* **EXERCISE BRIEF**
Please print the entries below exactly, from the line with "step by step butter toffee, pinterest" through the line with "Moroccanoil Texture Texture", including both of those lines and leaving out all others.

* **DATA RECORDS**

'''

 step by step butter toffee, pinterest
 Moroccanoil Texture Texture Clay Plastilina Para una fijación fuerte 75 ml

'''
'''

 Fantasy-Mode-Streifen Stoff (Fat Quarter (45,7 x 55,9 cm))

'''

* **EXERCISE ANSWER**
 step by step butter toffee, pinterest
 Moroccanoil Texture Texture Clay Plastilina Para una fijación fuerte 75 ml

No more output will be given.